その318 『われよりほかに』
その310で書いた『われよりほかに―谷崎潤一郎最後の十二年』を読み終わった。お昼の僅かな時間だけ読んでいたのでずいぶん長くかかってしまったが、なかなか面白かった。特に、谷崎の言葉がその口調そのままに書かれているのは、他の本では見たことがなかったので、「へぇ~、谷崎ってこういう話し方してたんだ」と思いながら読んだ。
谷崎は関東大震災以来関西に移住していたのだが、その後もずっと江戸商人言葉を使い続けていたんだぁという新鮮な驚きを感じた。あとがきにも、この作品の新聞に連載中に末弟終平さんが著者に送ってきた手紙に「生前の兄の肉声を聞くようだ」と書いているのだが、作品中に出てくる谷崎の言葉は、その声まで聞こえてきそうにいきいきと書かれている。
その一部を挙げると、口述筆記の際の注意として、よそ見をせずにじっとこちらを見ていてほしい、書き終わったらハイとはっきり言って、またこちらを注視してほしいと言っていたにもかかわらず、ある日
「あなたね、そんなにじっとこっちを見ないで下さい。どうも気になって仕方ないじゃありませんか」
と言われ書き終わって「ハイ」と言ったら
「そんなにいちいち返事をしなくたってよござんす。書き終ったら、黙ってこっちを向いていてくれりゃ、いいんです」
と言われて困ったという記述がある。
一方、谷崎のかわいい一面をのぞかせるものもある。もうじき夕食という中途半端な時間にお腹がすいた谷崎に、松子夫人が洋菓子店にケーキを注文したとき、それも待ちきれず、
「あんまりお腹がへったから眠くなっちまった。お菓子が来たらそ言っとくれ」
と言って寝てしまい、ケーキが届いたらしい様子が聞こえると、夢うつつの中で
「ああ、たべるよう」
とつぶやいて、そのうちにガバッと起きてきたと思ったら、立ったまま、普段は「あんなもの嫌いだよ」ということになっているバタークリームのたっぷりと載ったショートケーキを、一個ずつ両手に掴んで、むさぼりながら廊下を歩きまわり、二つとも食べ終わると、バターまみれの手をべろべろと舐めて、あとは浴衣の裾で拭いてしまったというものだ。
著者は源氏の口語訳を口述筆記した縁から谷崎の秘書の役がまわってきたが、その生真面目すぎる性格に谷崎が不満を持ち度々クビを言い渡しながらも、結局彼女しかこの難しい仕事をやり遂げることができなかった、そのお互いの微妙な気持ちや、年数を経て気心が知れてくる様子、それから、松子夫人の複雑な心理などがこの本に描かれている。

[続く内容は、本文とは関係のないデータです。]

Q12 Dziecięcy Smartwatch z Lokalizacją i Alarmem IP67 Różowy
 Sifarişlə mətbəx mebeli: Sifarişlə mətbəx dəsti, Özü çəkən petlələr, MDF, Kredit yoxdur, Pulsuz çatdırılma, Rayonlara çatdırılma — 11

「われよりほかに」というタイトルは、谷崎の
我といふ人の心はただひとりわれよりほかに知る人はなし
という和歌からとられているのだが、このタイトルの中には、谷崎がいくら女中さんを秘書に仕立て上げようとがんばっても、結局自分しかこの難しい役をこなすことはできなかったという自負が大いに含まれているように思う。